К середине XIX в. на севере современной Омской области русскими поселениями было охвачено не только русло самого Иртыша, но и его правые притоки, в частности Ава, Бича, Туй и Шиш — ближайшие к бассейну Демьянки. Здесь русские крестьяне заходили на угодья сибирских татар, и такое стихийное проникновение впоследствии нередко получало официальное закрепление [Колесников, 1973, с. 211-217; Фатеев, 1996, с. 31-32]. Приобретенный старожилами опыт ведения сельского хозяйства в таежной зоне и активного занятия добывающими промыслами стал в ХХ в. ориентиром для массовых переселенцев из Европейской России.

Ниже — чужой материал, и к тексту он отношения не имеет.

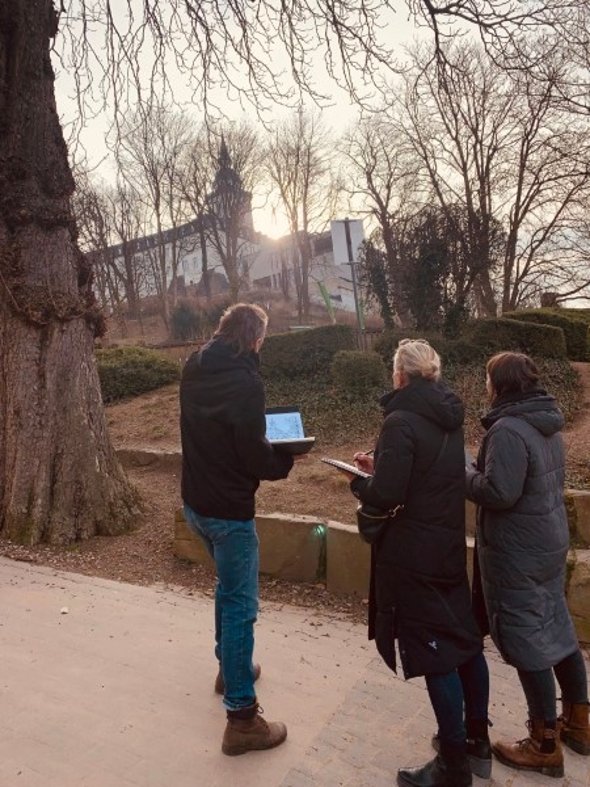 Sketch and Walk, Künstler mit zwei Gästen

Последние, кстати, появились в северной урманной части Омского Прииртышья довольно поздно — в конце XIX в., поскольку ареал долго считался крайне сложным для пашенного земледелия. Опасения подтвердились: получившие наделы новоселы спустя несколько лет мытарств массово подавали просьбы о «переводворении» на более удобные места, а то и самовольно покидали выделенные участки. На их место неизменно приходили другие, которым было уже проще обустроиться на оставленных усадьбах,— непрерывный поток переселенцев делал свое дело [Букейханов, 1908, с. 10-12; Юферев, 1908, с. 276-277, 299-300]. Однако наиболее устойчивой категорией среди колонистов этого региона оставались сибирские старожилы, и они имели причины видеть в приезжих досадных конкурентов, хотя бы потому, что те занимали таежные угодья, ранее являвшиеся промысловыми. Показательно, что несмотря на вековые контакты с местными татарами, издавна ходившими на сезонный промысел в бассейн Демьянки, в среде русских старожилов Среднего Прииртышья такой поход долгое время «считался необычным и приравнивался чуть ли не к подвигу» [Шухов, 1928, с. 48-49]. Но в 1890-е гг. все большее число старожилов постепенно переходит на промысел в дальних демьянских урманах — для этого им приходилось преодолевать сотни километров по болотам и труднопроходимым лесным дебрям. В рапортах тарских землеустроителей 1898-1899 гг. уже упоминаются летний и зимний путь в верхнее и среднее течение Демьяна, пробитый крестьянами Тевризской волости [ГБУТО «ГА в Тобольске». Ф. И-3, оп. 1, д. 394, л. 41 об.-42].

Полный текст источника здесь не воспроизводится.